There’s recently been a lot in the media about consent because rape is becoming more focused on and publicized (although not enough). It’s always been an issue, and the way the media is finally focusing on it (minimally) means we need to refocus our conversations to stop silencing women and other survivors of sexual assault. Denying that this topic needs to surface more adamantly in our representation of sexual assault is continuing to deny women room for their voices and sex positivity.
The way violence against women is being represented leaves out the idea of consent. The narrative surrounding this issue touches on the most visible and easily punishable form of violence and sexual assault. This narrative silences women who are simply uncomfortable and feel the need to say that two letter word. This narrative tells women that when they do say that two-letter word, they’re not saying it loud enough, or they shouldn’t be saying it.

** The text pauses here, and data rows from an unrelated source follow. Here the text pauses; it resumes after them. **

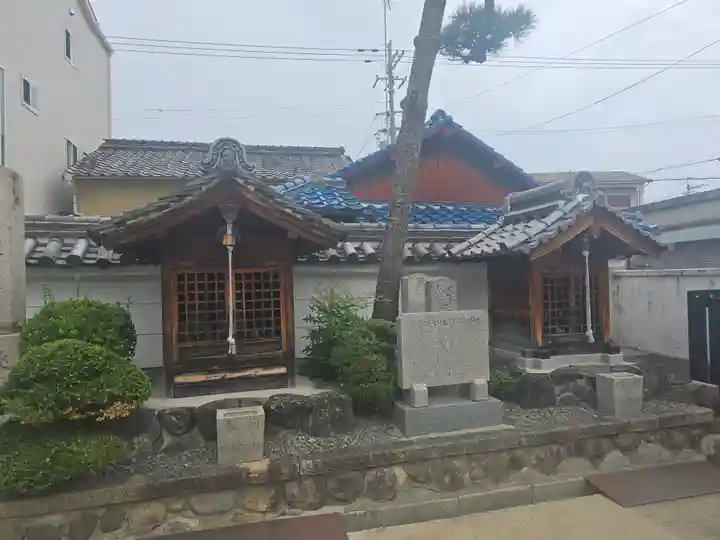 浄谷寺(大阪府)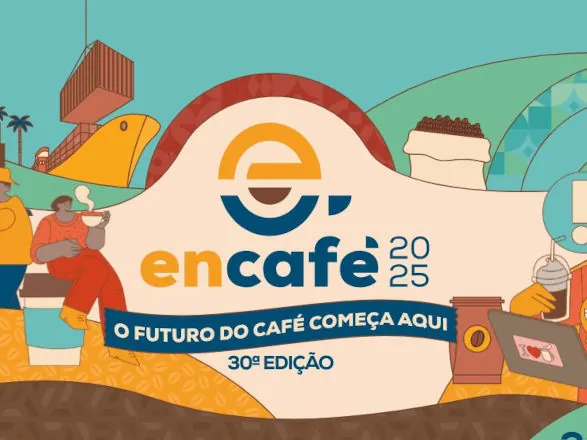 Sicoob destaca apoio ao setor cafeeiro no Encafé 2025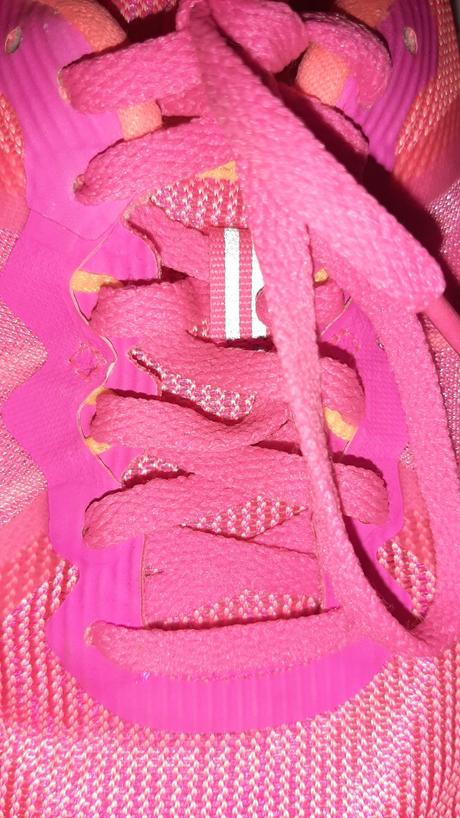 Nike dual fusion, nike,38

Sexual assault is and should always be defined in terms of consent. The conversation needs to take a shift so that whenever a case of sexual assault arises, the first response involves the word consent. If a person feels uncomfortable in a sexual encounter, that is worth noting. No matter how it is perceived, no matter how extreme or otherwise. The idea and constant need to define rape – to screen every detail and see when she was asking for it – is a tactic that has continuously been used to silence women, the queer community, and other survivors of sexual violence. Women lose their ability to speak up because they are told that feeling uncomfortable really wasn’t sexual assault. And when they do speak up, their other actions – choice of dress, beverage, or possibly flirtatious hand placement – are what seem more important. None of that is important. In fact, none of that is even relevant. The only relevant thing is whether or not consent was given. Sex is between equal and consenting bodies.
I went to a rally put on by inspiring individuals on my campus involved with Take Back the Night and Queer Commission. We walked through our streets yelling, “Yes means yes, no means no, wherever we go, however we dress!” That’s a nice sum up, right? But why is that so hard to understand? Why is what I wear more important than the words coming out of my mouth? Why are we viewed as so secondary that our choices and voices aren’t even taken into account? When we say no, we mean it. If we spent the whole night saying yes, and then decide to say no, that no will always trump the yes. That ignored “no” is sexual assault. It’s as simple as that. No matter how extreme and no matter how easy to prove in the court of law, no means no and yes means yes. No matter what we wear or drink, us saying “no” should never mean we are asking for it.
I realized that until recently, I had never been told this to my face. Women aren’t usually told this to their faces – that sex is something for them to enjoy and when they don’t want it, even far along into a date or whatever, they’re allowed to say no. I learned about it myself through my interest in feminist discourse and self liberation, but I had never been told that we, the attacked, don’t owe anyone anything. No matter what, we don’t owe anyone one damn thing. And that does not make us bad people. That makes us all human beings who have consent.